1 「民事信託契約」における問題点①~経済的利益を産まない不動産が半分以上~

 この「民事信託契約」には、他にも大きな問題がありました。それは「信託された不動産(以下「信託不動産」といいます)の大半が「経済的利益を産まない」ものだったのです。信託不動産の概要は以下のとおりです。

※相続税の納付資金を捻出するため、信託不動産の一部を相続発生後に(譲渡費用の控除後の金額で)2億2431万8619円(固定資産税評価額は1億2508万5460円)で売却しています。売却代金は受益権割合(長男6分の1、二女6分の1、二男6分の4)に従って分配されました。

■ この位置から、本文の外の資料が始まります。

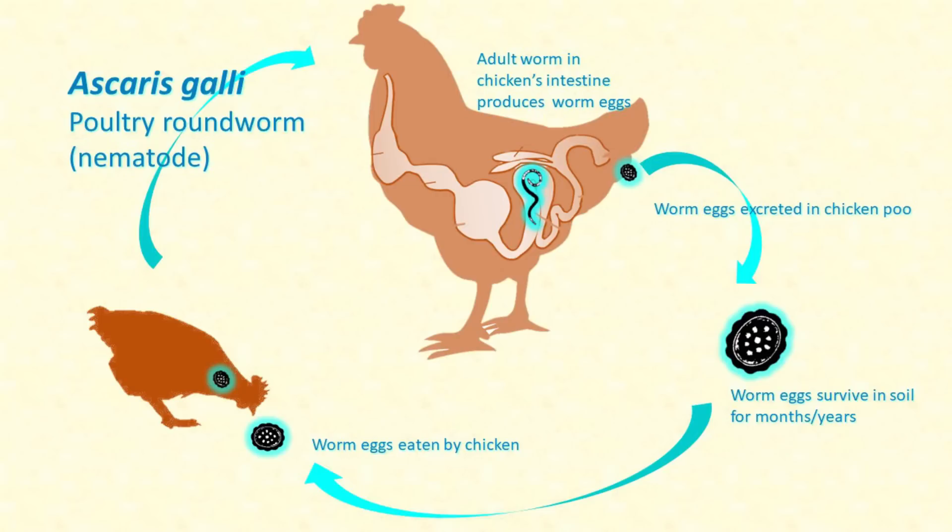The worms lay eggs that are excreted with the chicken poo. The worm eggs are then picked up and eaten by another chicken, and the roundworm's life cycle continues. I know my chickens are at risk of roundworms because I let them free range, and so they come into contact with soil where wild birds have been. And even without the wild birds, I introduced roundworms onto this property when I got a rescue hen who was riddled with worms. The worm eggs can live in the soil for more than a year, so as long as I have chickens, I will always have the possibility of infection from roundworms.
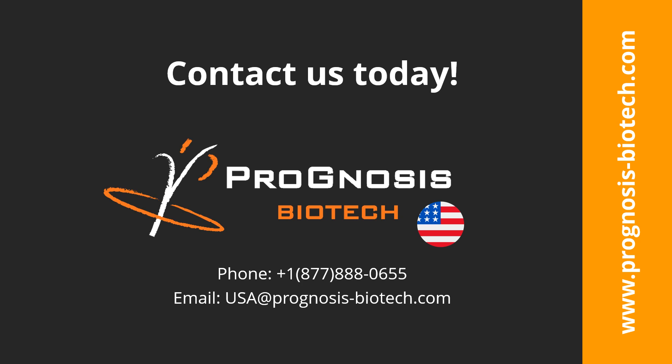Want to know more? Please email us at usa@prognosis-biotech.com or visit our website, prognosisbiotech.com. Thank you again for your attention, and we look forward to working with you. Until the next one.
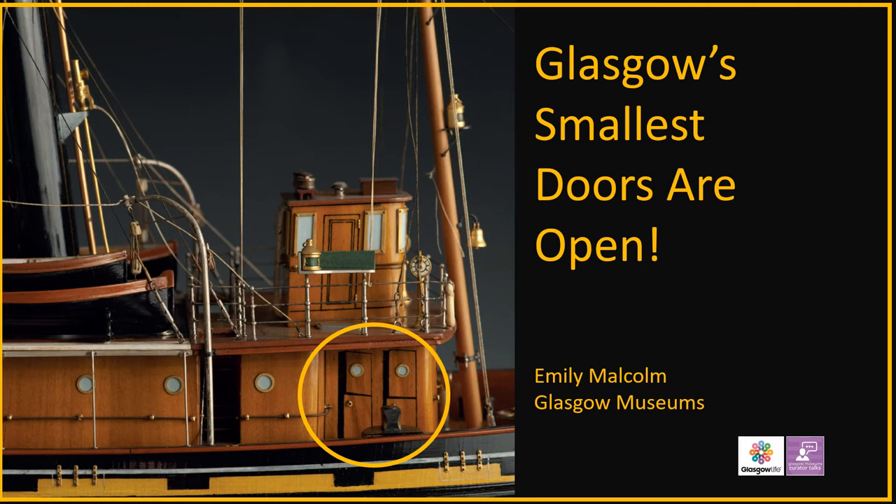Hello and welcome to Glasgow's smallest doors are open. I'm Emily Malcolm, one of the transport and technology curators at the Riverside Museum.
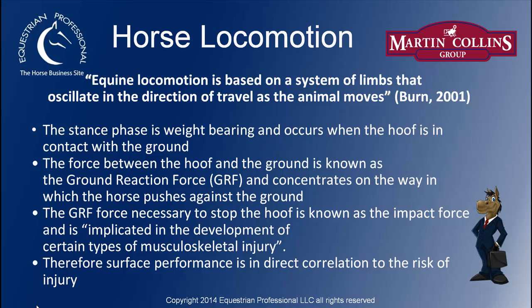Horse locomotion. Equine locomotion is based on a system of limbs that oscillate in the direction of travel as the animal moves. The stance phase is weight-bearing and occurs when the hoof is in contact with the ground. The force between the hoof and the ground is known as the ground reaction force, and concentrates on the way in which the horse pushes against the ground. The GRF force necessary to stop the hoof is known as the impact force and is implicated in the development of certain types of musculoskeletal injury. Therefore, surface performance is in direct correlation to the risk of injury.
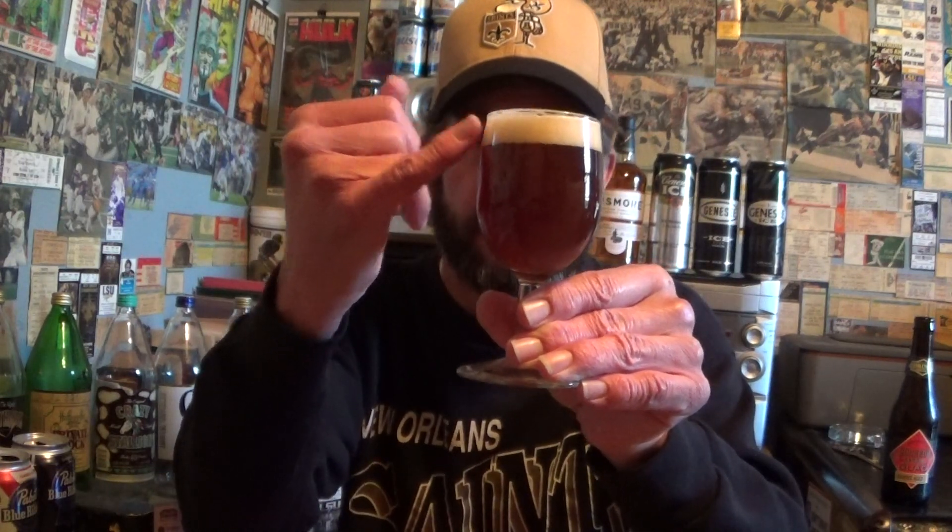It's a copper color, but there's a cloudiness to it — it's more of a tan than copper, actually. It looks like a lot of the pumpkin beers that you'll find. Eggshell head.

 そうすると売却後には(固定資産税評価額の比で見た場合)「信託不動産」の約4分の3は「自宅等」が占めている状態になったということになります。「自宅等」については、その敷地の一部を駐車場として賃貸しているものの、その大部分は居住用であり、時価に見合った経済的利益を産んではいません。また「葬儀社に無償で貸与している倉庫敷地とその付近の私道敷地」及び「栃木県の山林」は、固定資産税評価額はほぼゼロ、すなわち実質的に無価値で賃料収入等を期待できるような不動産ではありませんでした。つまり「信託不動産」の中で、時価に見合った経済的利益を産むのは(固定資産税評価額の比で見た場合)全体の約4分の1しかない「賃貸不動産(共同住宅)」のみであったのです。このため長男は「信託不動産の売却代金、賃料等、信託不動産より発生する経済的利益(の6分の1)を受けることができる」とされていても、「自宅等」の敷地内にある駐車場と、賃貸不動産の年間収入合計「1,050万円~1,250万円」の6分の1である「175万円~208万円」程度しか、実際には受け取ることしかできないということになります。一方で長男は「信託不動産」の6分の1を相続した場合と同様に、相続税を負担しなくてはなりません。長男が負担すべき相続税は約4,600万円もの多額であり、一方で「信託不動産」から得られる収入は年間わずか200万円前後(最終的に手元にのこるお金は、ここから必要経費や所得税等を差し引いた残額であるため、さらに少額)しかないということになります。長男は前述の「売却済み不動産」の代金として、その6分の1相当の約3,700万円を受領しているものの、相続税の納税資金として自身の個人財産から1,000万円近くを用意しなくてはならないということになります。そこまでして相続税を負担することによって得られるものが(必要経費等を差し引く前で)年間わずか200万円前後の収入しかないというのは、極めて不利な状況に置かれていると言って良いでしょう。二女については「死因贈与契約」によって、その他の財産(現預金、有価証券等)の3分の1を取得しているわけですから、「売却済み不動産」の代金と合わせて、相続税の納税資金は十分に手当てされていると考えられ、長男とは全く状況が違うと言って良いでしょう。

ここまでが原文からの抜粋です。